Write the records below out again exactly as given, with no images.

[[ RECORDS SUPPLIED, beginning ]]

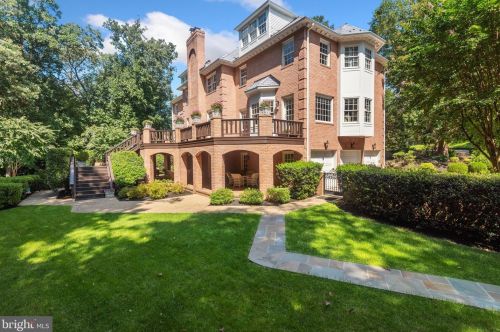 10009 Windy Hollow Rd, Great Falls, VA 22066-3547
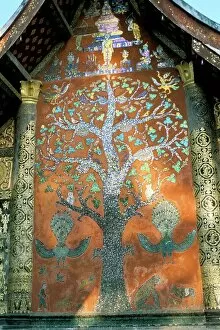 Images Dated 4th August 2008: Glass mosaic of tree of life on wall of the 16th century Sim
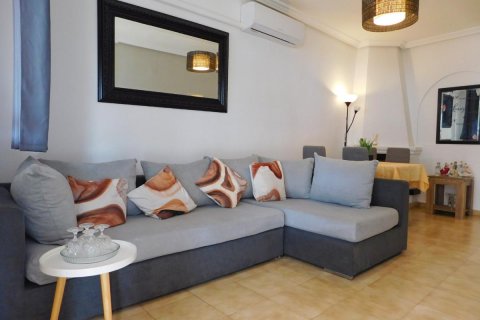 Townhouse for sale in Alicante, Spain 2 bedrooms, 71 sq.m. No. 183738 - photo 9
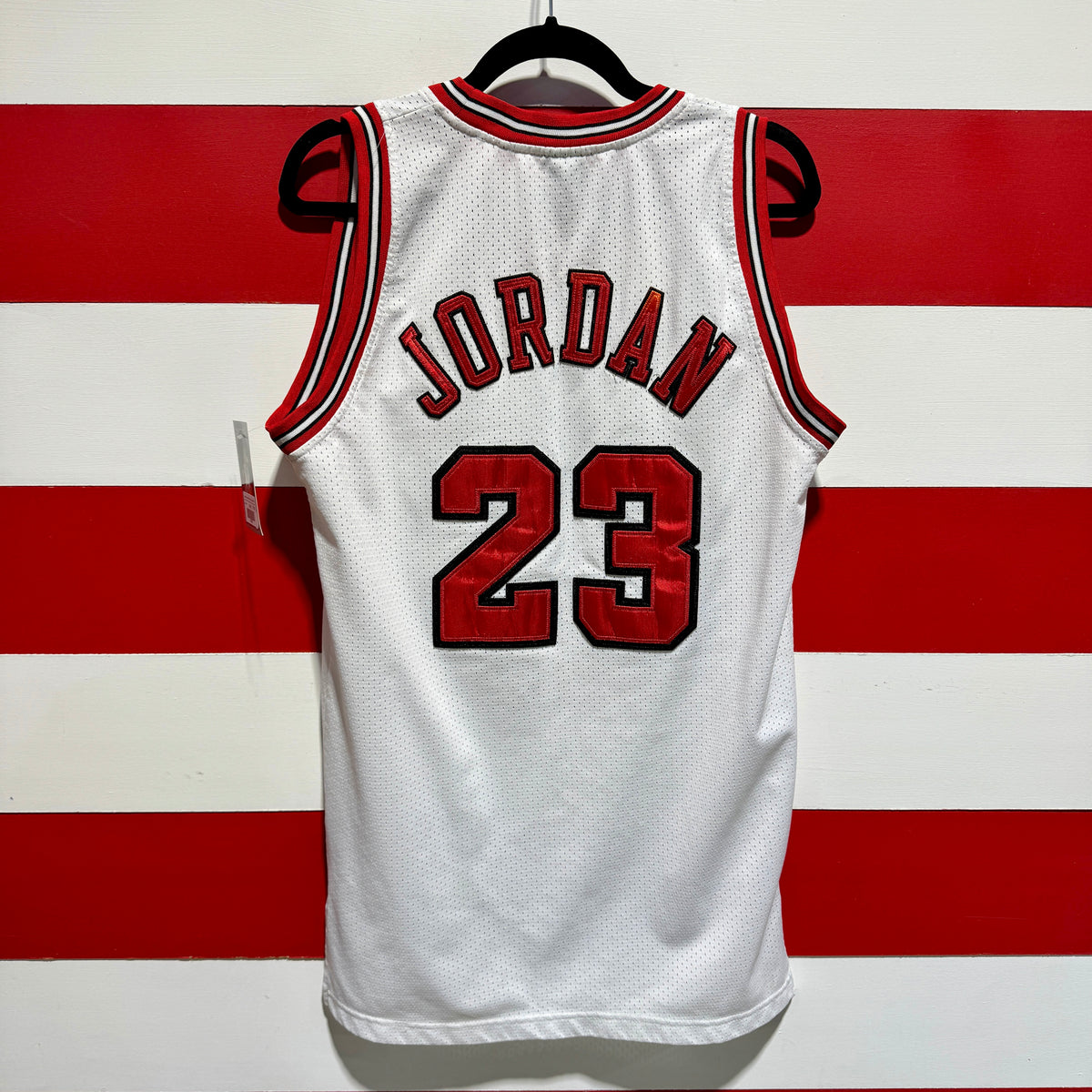 Early 2000s Michael Jordan Bulls Jersey – Naptown Thrift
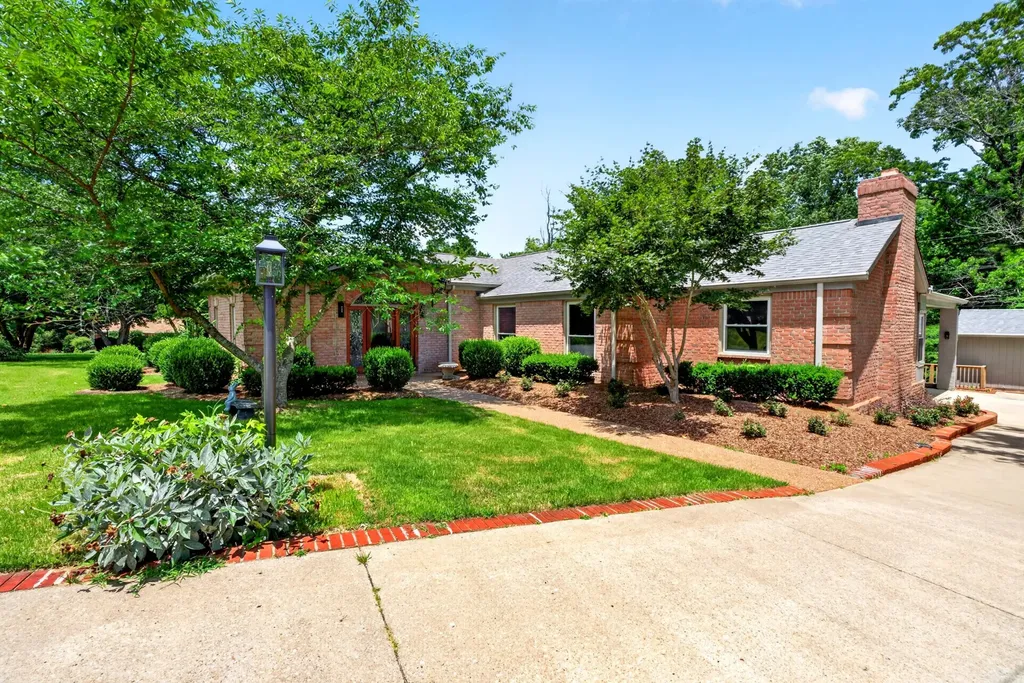 247 Cherokee Trail Clarksville TN 37043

[[ RECORDS SUPPLIED, end ]]

- ANSWER TO THIS EXERCISE -
 10009 Windy Hollow Rd, Great Falls, VA 22066-3547
 Images Dated 4th August 2008: Glass mosaic of tree of life on wall of the 16th century Sim
 Townhouse for sale in Alicante, Spain 2 bedrooms, 71 sq.m. No. 183738 - photo 9
 Early 2000s Michael Jordan Bulls Jersey – Naptown Thrift
 247 Cherokee Trail Clarksville TN 37043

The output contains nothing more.